I don't understand this. How do you predict the sign of a quadratic expression from its discriminant and $x^2$ coefficient?
A quick google search didn't proved useful.
On
If a quadratic equation (in this case $x^2 - 3x + 4 = 0$) has no real solutions, then its value can never change sign as you input different values of $x$. And since, for any ridiculously large values of $x$, the $x^2$ term dominates the other terms (which means that the value of the entire expression has the same sign as just $ax^2$, and therefore the same sign as $a$), the entire expression must have the same sign as $a$ for any value of $x$.
On
The Polynomial: $ax^2 + bx + c$ has a unique sign if and only if $\Delta= b^2-4ac<0$
Now:
if $a>0$ and $\Delta= b^2-4ac<0$ then $ax^2 + bx + c>0$
if $a<0$ and $\Delta= b^2-4ac<0$ then $ax^2 + bx + c<0$
On
You can also tell the sign of that polynomial by "completing the square": \begin{equation*} x^2 - 3x + 4 = \left( x - \frac{3}{2} \right)^2 + \frac{7}{4}. \end{equation*} Since $x^2 - 3x + 4$ is the sum of a square and a positive number, we have $x^2 - 3x + 4 > 0$ for all $x \in \mathbb{R}$.
On
Let p(x) = a$x^2$ + bx + c
=a ($x^2$ +$b\over a$x + $c\over a$)
=a [ $x^2$ + $b\over a$x + $b^2\over (4a^2)$ - D]
= a ( perfect square - D)
Here D =$$ (discriminant)\over 4a^2$$
On
The graph of the quadratic function $y=ax^2+bx+c$ is a parabola with hands looking up $(a>0)$ or down $(a<0)$. The parabola may cut the x-axis at two points $(b^2-4ac>0)$, touch the x-axis at one point $(b^2-4ac=0)$ or not touch x-axis $(b^2-4ac<0)$.

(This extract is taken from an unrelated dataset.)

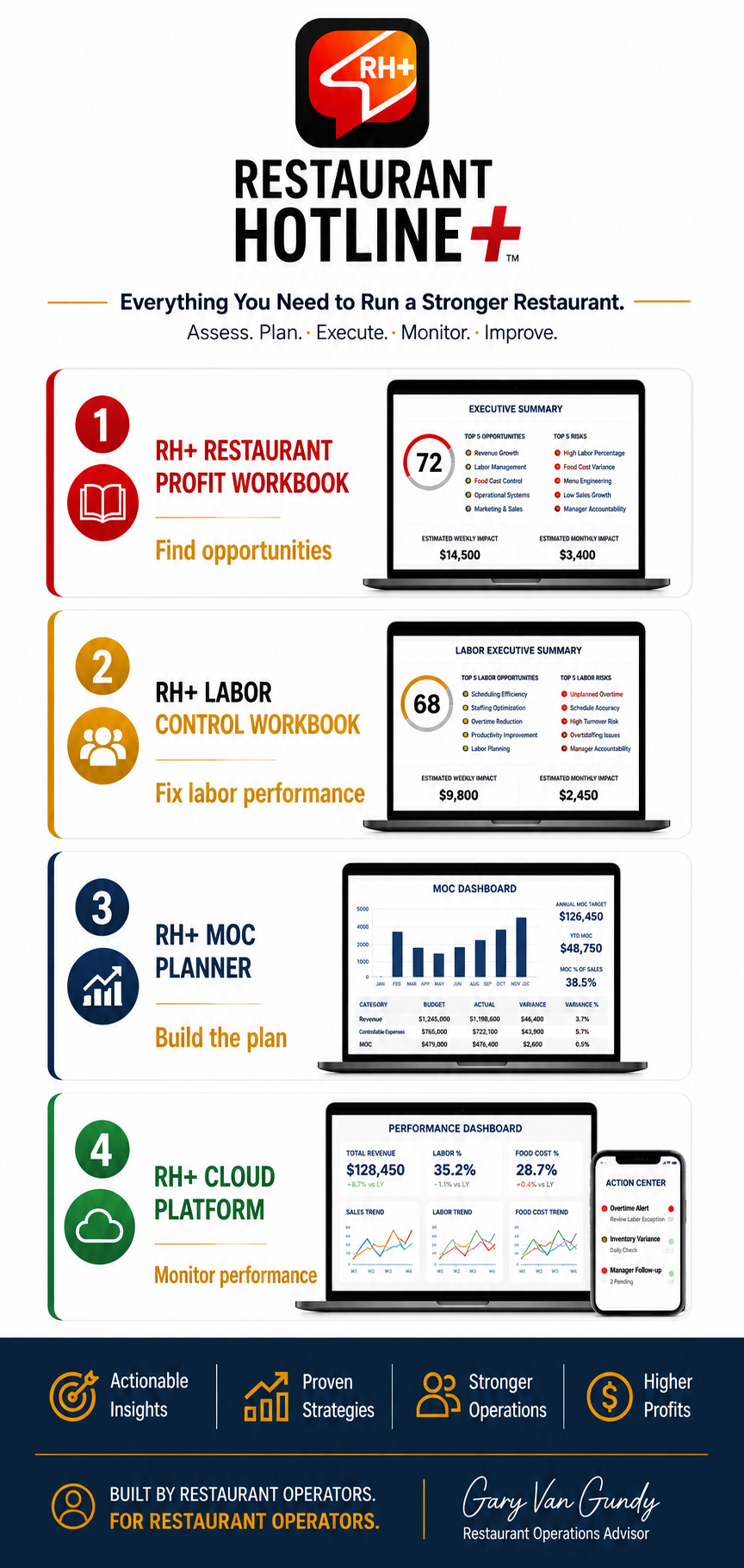 RH+ MOC PLANNER | Manager Operating Contribution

The parabola of the quadratic function $y=x^2-3x+4$ has hands looking up $(a>0)$ and does not touch the x-axis $(b^2-4ac>0)$, implying the function's value is always positive.
If the discriminant is negative, then the polynomial does not have any root, thus its representative curve is always above or always below the $x$-axis, so it has always the same sign which is the sign of its dominating term $ax^2$.